Dataset entries
···
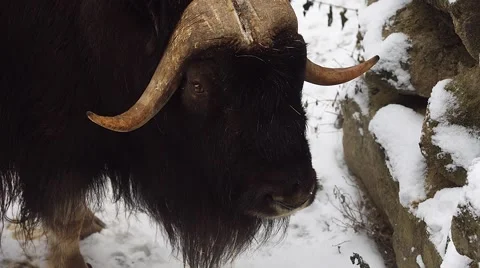 Muskox in winter (Ovibos moschatus) Stock-Footage 59170149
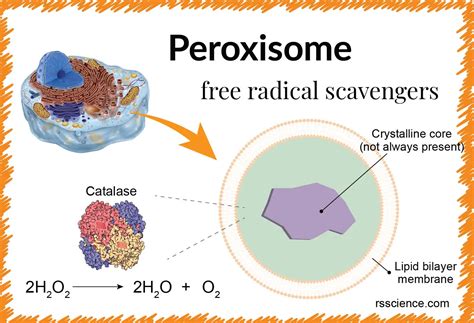 Peroxisome - free-radical scavengers - definition, structure, function ...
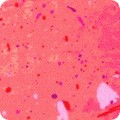 RK-product WELDX-21619-143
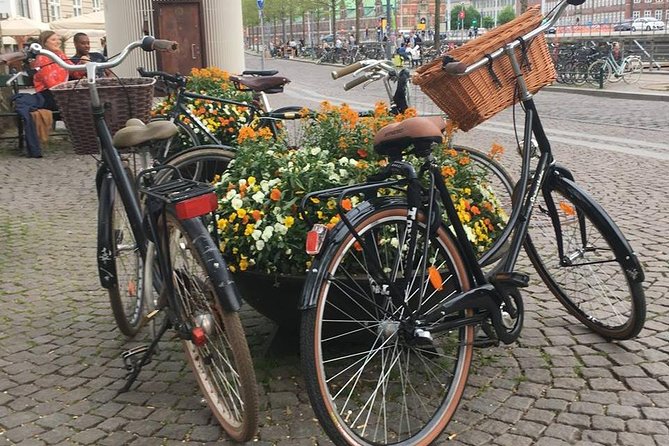 Copenhagen Bicycle Adventure - Rosenborg Castle and Kongens Have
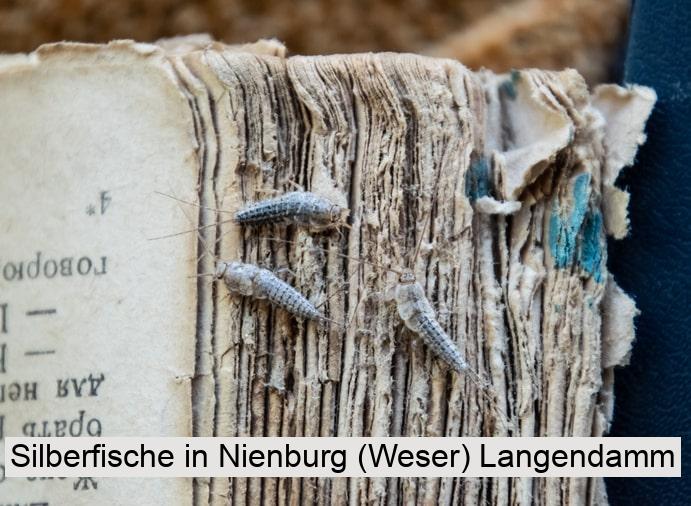 Silberfische in Nienburg (Weser) Langendamm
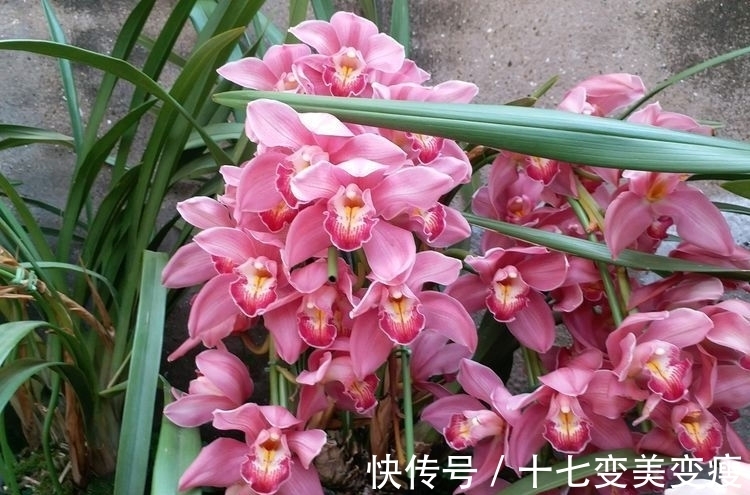 这款植物全年开花,花色艳丽花量大,比牡丹还好养,值得拥有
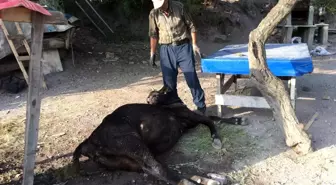 Kuru Ekmek Yiyen İnekler Çatlayarak Telef Oldu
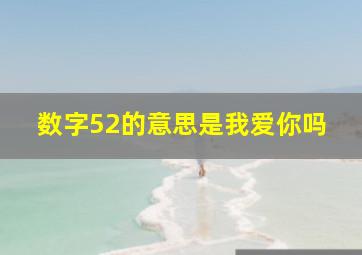 数字52的意思是我爱你吗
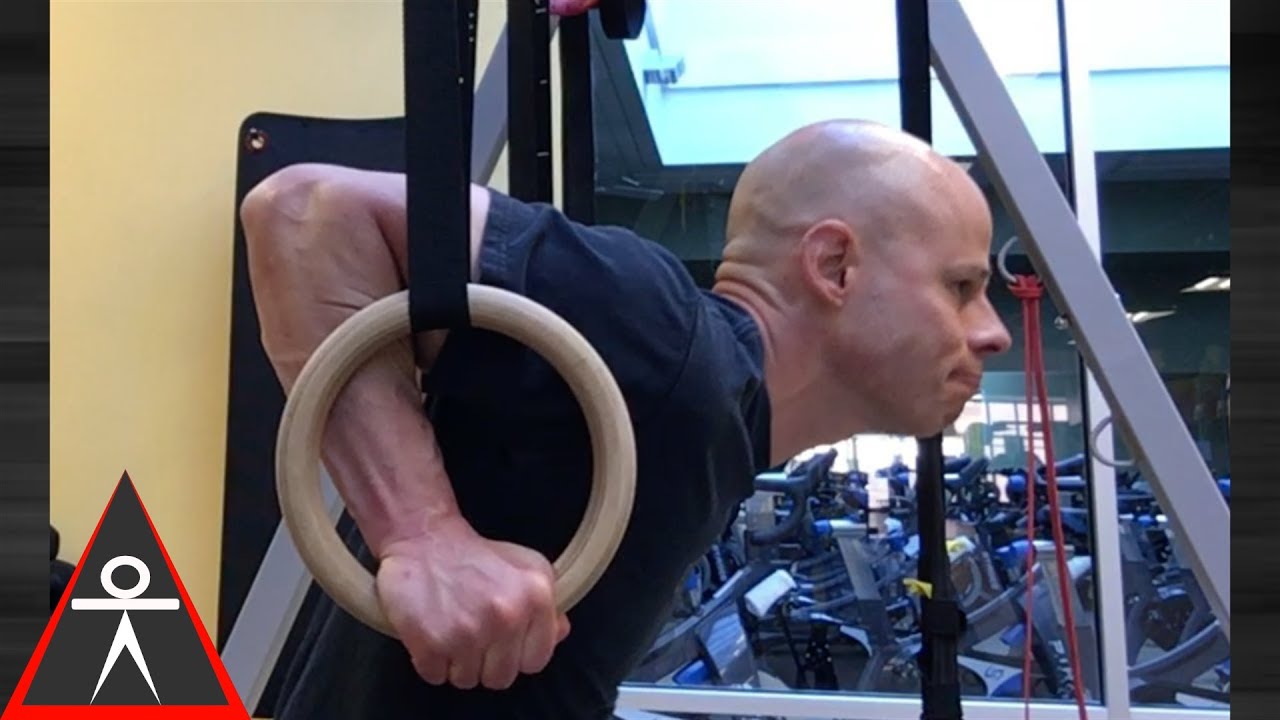 stability fisioterapia How to Build Strength, Stability & Mobility for Ring Dips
···
* [Exercise requirements]: Leaving every picture out, return the lines from the one containing "RK-product WELDX-21619-143" through the last line of the records exactly.

* [Answer area]:
 RK-product WELDX-21619-143
 Copenhagen Bicycle Adventure - Rosenborg Castle and Kongens Have
 Silberfische in Nienburg (Weser) Langendamm
 这款植物全年开花,花色艳丽花量大,比牡丹还好养,值得拥有
 Kuru Ekmek Yiyen İnekler Çatlayarak Telef Oldu
 数字52的意思是我爱你吗
 stability fisioterapia How to Build Strength, Stability & Mobility for Ring Dips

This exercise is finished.